Smith did what he had to do in Northern Iowa — dominated at a lower level of competition with 22 sacks, 32.5 tackles for loss, 16 quarterback hits and six forced fumbles in 38 games. A serious hamstring strain knocked him out of his first NFL training camp, landing him on injured reserve and dropping him way behind. Smith didn’t make his Giants debut until Week 9, restricted to special teams. He eventually amassed 103 snaps on defense — 60 as a pass rusher — and had four rushes and two quarterback hits for six total presses. His first quarterback hit in a loss to the Eagles forced Jalen Hurts to a throwaway.
Smith was given a lot of work that spring and late in the schedule of organized team activities, working with the starters in place of the paused Thibodeaux, Smith put pressure on Tyrod Taylor to blow up a play.

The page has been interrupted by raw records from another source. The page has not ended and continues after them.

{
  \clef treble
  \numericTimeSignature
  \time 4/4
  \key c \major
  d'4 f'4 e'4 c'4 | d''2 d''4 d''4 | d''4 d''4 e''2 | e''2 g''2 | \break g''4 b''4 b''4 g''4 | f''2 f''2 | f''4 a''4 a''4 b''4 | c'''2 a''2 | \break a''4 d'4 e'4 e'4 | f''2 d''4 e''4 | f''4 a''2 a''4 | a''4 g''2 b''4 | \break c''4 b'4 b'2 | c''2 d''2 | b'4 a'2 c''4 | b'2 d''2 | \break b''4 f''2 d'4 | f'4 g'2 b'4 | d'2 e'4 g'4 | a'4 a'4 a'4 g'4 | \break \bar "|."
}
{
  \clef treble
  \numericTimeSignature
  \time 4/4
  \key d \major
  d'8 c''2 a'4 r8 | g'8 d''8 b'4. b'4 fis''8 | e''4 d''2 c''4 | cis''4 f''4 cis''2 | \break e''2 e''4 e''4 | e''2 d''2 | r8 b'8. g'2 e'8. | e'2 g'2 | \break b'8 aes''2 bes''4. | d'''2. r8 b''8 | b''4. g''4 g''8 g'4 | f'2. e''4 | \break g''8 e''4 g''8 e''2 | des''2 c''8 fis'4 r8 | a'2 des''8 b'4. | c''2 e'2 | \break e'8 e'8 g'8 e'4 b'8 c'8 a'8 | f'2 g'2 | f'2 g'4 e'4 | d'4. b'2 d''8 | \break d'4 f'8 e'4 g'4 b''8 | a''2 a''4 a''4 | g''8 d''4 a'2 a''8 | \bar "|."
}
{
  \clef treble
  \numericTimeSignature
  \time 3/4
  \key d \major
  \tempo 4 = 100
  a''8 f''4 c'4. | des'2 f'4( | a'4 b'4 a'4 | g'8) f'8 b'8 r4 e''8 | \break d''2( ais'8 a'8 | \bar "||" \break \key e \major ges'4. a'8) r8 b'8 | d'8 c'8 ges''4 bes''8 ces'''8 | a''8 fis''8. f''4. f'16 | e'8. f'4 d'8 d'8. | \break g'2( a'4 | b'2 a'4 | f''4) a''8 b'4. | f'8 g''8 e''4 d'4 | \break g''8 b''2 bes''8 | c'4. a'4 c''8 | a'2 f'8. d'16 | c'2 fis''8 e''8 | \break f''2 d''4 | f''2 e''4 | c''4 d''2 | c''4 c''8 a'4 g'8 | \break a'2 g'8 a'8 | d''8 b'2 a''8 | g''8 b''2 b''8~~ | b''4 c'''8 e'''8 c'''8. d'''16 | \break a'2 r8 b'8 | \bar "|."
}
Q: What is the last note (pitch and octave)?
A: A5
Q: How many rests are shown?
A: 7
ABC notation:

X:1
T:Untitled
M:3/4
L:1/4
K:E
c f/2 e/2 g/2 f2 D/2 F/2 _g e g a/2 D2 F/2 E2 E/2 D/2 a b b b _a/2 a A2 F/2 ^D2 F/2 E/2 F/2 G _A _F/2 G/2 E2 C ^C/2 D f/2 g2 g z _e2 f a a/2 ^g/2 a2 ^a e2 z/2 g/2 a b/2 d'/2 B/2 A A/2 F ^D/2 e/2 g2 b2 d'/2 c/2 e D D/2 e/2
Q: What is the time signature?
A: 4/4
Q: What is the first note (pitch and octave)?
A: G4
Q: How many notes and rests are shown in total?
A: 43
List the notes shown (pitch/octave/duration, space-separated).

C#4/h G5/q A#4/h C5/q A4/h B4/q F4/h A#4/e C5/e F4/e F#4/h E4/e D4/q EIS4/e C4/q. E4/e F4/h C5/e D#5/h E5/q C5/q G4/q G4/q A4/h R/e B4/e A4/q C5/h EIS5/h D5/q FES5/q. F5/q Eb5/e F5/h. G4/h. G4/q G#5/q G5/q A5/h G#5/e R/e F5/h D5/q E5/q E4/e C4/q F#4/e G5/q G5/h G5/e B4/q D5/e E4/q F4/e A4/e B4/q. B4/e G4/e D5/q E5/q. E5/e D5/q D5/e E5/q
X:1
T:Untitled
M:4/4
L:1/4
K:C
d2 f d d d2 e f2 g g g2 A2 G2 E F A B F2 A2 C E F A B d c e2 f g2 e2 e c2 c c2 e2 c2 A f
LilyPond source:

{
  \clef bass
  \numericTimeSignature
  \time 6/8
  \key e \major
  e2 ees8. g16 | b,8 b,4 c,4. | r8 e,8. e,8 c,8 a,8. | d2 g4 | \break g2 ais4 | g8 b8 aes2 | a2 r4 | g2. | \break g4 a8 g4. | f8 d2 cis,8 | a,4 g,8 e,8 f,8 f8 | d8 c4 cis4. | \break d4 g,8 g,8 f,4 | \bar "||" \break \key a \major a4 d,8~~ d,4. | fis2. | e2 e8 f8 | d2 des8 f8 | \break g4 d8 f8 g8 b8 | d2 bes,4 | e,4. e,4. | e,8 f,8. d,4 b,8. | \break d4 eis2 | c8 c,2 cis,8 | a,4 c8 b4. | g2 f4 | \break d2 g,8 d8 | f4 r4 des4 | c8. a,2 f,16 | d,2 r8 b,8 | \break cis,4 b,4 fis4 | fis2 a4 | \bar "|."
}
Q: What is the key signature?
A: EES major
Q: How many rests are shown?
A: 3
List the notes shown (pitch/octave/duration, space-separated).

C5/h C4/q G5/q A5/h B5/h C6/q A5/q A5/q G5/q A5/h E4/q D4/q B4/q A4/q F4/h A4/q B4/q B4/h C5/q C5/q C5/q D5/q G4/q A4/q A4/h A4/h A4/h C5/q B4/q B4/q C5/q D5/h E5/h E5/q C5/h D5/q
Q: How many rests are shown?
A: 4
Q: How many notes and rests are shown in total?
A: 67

Smith is increasingly looking for the role. He arrived a year ago and resembled a small forward more than an NFL linebacker, with around 245-250 pounds stretched across his lanky 6-foot-6 frame. A year into the NFL grind, he weighs up to 260 pounds, though he’s still fit.
“I’m just tall, stretch it out a little so you can’t really see it,” Smith said of his extra weight.
Martindale loves his linebackers, especially those with length. This should go well with what Smith is offering.
“I always say there’s a good place for a little person,” Martindale said. “It’s behind a big, long person in this league because you know it all helps. It helps you tackle in the open field and helps separate blocks and it helps get to the 50/50 ball. The length plays a big role in this.”
It didn’t take Smith long to recognize what he called “the various philosophical approaches” with this new line of defense. Former defensive coordinator Patrick Graham was more concerned with picking his spots. Martindale enforces the problem. As Smith sees what’s in store for him and the other full-backs in Martindale’s system, he sees plenty of opportunity.
“He does a good job of scheming aggressive rushes, and it impacts quarterbacks a lot, which is every outside linebacker’s dream,” Smith said. “I think I definitely have a place here, but that starts with understanding the process of work that it takes to be a good NFL player, and that’s my goal to come here, to contribute and win games. I certainly feel like I belong here.”